Cooling Product in Small bakery
Good morning,
we have the same issue in our bakery, not cooling product fast enough.
Production wants to get away with covering the fan with fan covers but I'm against it since all kinds of debris are blown onto the product. Fans are on a cleaning schedule.
I just performed air testing placing petri plates onto the fans during a normal production day.
I also suggested using regular screen doors instead of fan covers to get a better air flow.
What are your thoughts?
Split from similar problem topic in this 2017 thread -
https://www.ifsqn.co...a-small-bakery/
This is a classic cooling problem and discussed in many threads on this forum for a variety of foods.
Some usual options are noted in link above.
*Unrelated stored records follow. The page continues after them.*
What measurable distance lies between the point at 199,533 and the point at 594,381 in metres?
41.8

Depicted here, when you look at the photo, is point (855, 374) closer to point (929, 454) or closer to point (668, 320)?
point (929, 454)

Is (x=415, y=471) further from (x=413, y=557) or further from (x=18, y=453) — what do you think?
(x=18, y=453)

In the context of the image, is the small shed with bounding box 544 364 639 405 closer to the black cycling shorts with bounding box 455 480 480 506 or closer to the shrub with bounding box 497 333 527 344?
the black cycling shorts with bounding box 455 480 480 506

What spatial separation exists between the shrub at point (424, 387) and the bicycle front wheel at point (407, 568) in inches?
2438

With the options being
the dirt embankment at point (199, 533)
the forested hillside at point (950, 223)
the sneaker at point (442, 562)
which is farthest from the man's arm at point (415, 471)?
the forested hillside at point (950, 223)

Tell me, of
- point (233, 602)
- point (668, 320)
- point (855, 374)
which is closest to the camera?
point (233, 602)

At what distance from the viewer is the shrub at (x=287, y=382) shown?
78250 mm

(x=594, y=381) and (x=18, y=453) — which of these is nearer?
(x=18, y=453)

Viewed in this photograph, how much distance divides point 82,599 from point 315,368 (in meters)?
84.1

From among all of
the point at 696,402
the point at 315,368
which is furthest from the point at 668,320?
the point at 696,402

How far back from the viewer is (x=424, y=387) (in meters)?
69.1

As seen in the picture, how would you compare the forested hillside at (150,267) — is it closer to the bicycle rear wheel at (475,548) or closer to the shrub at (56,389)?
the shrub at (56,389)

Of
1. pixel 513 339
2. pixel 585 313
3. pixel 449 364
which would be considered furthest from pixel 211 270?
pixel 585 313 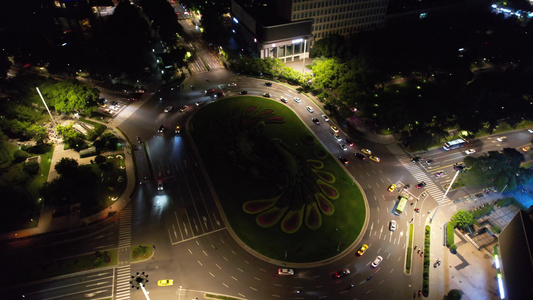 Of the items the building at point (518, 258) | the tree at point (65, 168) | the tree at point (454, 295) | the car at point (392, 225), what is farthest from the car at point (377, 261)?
the tree at point (65, 168)

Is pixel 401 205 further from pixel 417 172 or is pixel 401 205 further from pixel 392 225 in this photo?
pixel 417 172

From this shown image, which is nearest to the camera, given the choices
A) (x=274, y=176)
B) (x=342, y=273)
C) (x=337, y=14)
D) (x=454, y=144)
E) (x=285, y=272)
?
(x=285, y=272)

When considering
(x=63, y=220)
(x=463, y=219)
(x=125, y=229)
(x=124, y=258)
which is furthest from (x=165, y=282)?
(x=463, y=219)

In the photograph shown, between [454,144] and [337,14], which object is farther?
[337,14]

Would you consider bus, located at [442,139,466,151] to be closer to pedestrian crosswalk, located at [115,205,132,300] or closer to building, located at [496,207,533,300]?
building, located at [496,207,533,300]

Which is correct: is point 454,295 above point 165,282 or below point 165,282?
above

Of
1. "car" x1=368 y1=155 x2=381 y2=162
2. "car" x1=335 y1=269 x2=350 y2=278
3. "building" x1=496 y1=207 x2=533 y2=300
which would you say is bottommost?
"car" x1=335 y1=269 x2=350 y2=278

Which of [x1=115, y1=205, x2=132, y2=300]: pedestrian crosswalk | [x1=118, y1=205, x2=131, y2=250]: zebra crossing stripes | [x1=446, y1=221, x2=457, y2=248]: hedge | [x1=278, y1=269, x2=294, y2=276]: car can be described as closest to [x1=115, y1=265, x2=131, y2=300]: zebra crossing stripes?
[x1=115, y1=205, x2=132, y2=300]: pedestrian crosswalk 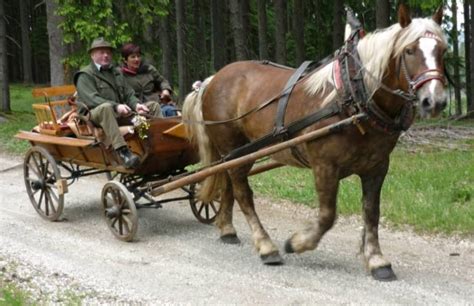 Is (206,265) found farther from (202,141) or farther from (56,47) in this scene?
(56,47)

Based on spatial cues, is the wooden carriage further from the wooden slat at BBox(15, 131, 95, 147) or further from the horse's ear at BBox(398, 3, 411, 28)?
the horse's ear at BBox(398, 3, 411, 28)

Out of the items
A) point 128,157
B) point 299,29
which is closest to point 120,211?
point 128,157

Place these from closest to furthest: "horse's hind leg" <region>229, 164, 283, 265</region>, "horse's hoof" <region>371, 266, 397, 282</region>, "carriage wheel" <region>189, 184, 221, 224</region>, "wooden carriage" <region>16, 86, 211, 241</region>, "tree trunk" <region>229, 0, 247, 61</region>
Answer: "horse's hoof" <region>371, 266, 397, 282</region>
"horse's hind leg" <region>229, 164, 283, 265</region>
"wooden carriage" <region>16, 86, 211, 241</region>
"carriage wheel" <region>189, 184, 221, 224</region>
"tree trunk" <region>229, 0, 247, 61</region>

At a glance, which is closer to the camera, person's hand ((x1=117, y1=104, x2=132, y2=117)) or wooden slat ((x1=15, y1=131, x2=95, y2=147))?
person's hand ((x1=117, y1=104, x2=132, y2=117))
Official articles typically stress need for appropriate air blast freezers. The usual user limitation is, of course, cost.
Any more recent thoughts/solutions are invited.
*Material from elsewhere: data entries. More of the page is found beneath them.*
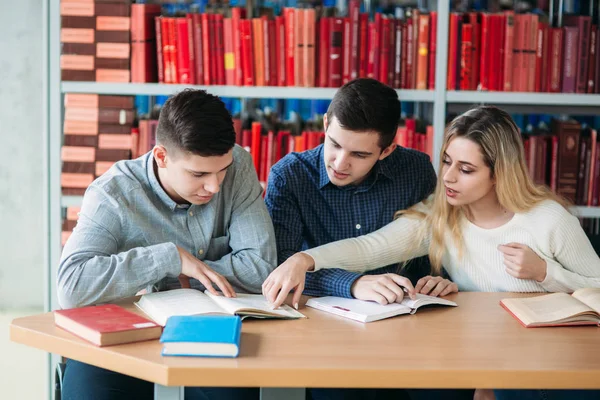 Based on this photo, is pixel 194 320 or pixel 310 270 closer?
pixel 194 320

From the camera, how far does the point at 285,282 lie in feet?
5.23

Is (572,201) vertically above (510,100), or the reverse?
(510,100)

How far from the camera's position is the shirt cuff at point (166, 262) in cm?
161

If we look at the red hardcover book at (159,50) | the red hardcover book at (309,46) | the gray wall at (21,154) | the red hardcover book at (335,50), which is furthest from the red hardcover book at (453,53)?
the gray wall at (21,154)

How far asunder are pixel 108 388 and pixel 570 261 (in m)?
1.14

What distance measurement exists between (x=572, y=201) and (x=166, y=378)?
6.70ft

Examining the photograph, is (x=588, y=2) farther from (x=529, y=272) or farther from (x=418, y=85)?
(x=529, y=272)

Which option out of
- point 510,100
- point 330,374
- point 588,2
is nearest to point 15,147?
point 510,100

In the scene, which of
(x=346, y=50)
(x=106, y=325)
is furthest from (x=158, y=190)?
(x=346, y=50)

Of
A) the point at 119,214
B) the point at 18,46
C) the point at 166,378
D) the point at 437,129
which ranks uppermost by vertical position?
the point at 18,46

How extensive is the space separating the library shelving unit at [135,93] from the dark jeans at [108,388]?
120 cm

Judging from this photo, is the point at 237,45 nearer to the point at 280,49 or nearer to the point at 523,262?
the point at 280,49

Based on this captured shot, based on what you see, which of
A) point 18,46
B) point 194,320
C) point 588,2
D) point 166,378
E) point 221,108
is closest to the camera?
point 166,378

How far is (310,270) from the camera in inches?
69.7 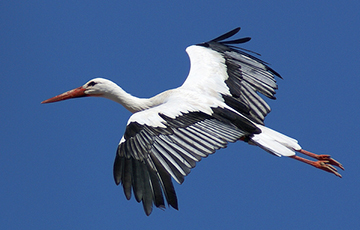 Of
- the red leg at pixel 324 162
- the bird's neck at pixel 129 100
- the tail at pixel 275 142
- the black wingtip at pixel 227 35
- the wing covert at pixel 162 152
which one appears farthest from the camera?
the black wingtip at pixel 227 35

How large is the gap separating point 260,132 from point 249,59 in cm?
188

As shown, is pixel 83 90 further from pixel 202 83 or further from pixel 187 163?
pixel 187 163

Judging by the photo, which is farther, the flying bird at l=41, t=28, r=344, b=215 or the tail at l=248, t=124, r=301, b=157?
the tail at l=248, t=124, r=301, b=157

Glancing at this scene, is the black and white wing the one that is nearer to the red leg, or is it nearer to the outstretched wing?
the outstretched wing

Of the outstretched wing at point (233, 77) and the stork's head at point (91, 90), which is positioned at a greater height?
the outstretched wing at point (233, 77)

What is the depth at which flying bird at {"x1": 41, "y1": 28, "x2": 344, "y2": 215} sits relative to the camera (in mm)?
6430

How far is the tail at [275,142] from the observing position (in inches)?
284

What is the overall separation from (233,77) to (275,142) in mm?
1557

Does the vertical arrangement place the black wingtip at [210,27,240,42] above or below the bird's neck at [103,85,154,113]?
above

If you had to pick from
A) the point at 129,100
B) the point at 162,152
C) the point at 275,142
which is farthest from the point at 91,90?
the point at 275,142

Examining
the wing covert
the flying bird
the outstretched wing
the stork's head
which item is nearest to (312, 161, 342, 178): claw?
the flying bird

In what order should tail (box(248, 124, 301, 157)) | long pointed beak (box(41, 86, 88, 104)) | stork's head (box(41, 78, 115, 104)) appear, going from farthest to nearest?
1. long pointed beak (box(41, 86, 88, 104))
2. stork's head (box(41, 78, 115, 104))
3. tail (box(248, 124, 301, 157))

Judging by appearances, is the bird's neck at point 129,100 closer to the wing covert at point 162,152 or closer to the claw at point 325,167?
the wing covert at point 162,152

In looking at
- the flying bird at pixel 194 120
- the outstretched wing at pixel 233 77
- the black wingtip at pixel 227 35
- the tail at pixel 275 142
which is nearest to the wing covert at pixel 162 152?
the flying bird at pixel 194 120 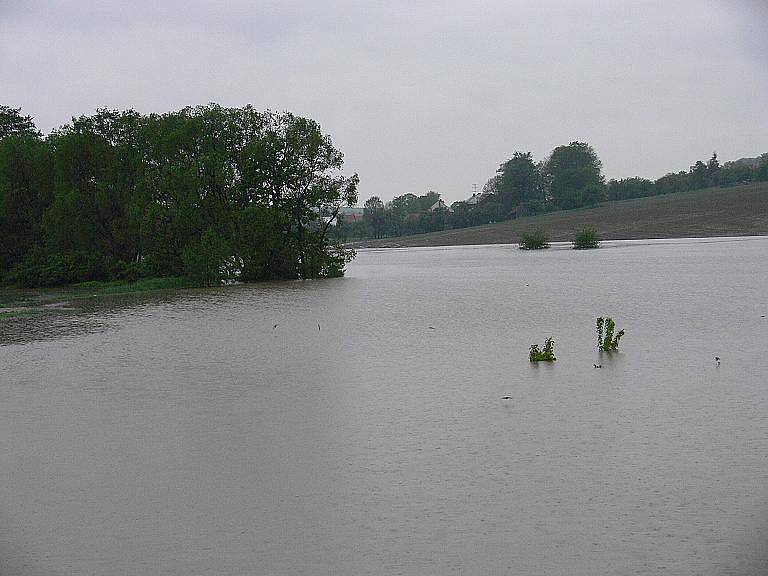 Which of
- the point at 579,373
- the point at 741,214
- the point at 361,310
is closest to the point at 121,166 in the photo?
the point at 361,310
Small chilling / cooling tunnel?
A) lower the ambient room temperature if possible
B) Cooling tunnel placed over conveyor
C) installation of blast freezer----the velocity of the air works to efficiently lower the product temperature on a very small foot print----these can even been installed as a walk in-where the product remains on racks and is rolled in and out as product temp is reduced
Fans are only moving ambient air? What is your ambient temp currently and what temp/time combo are you trying to achieve?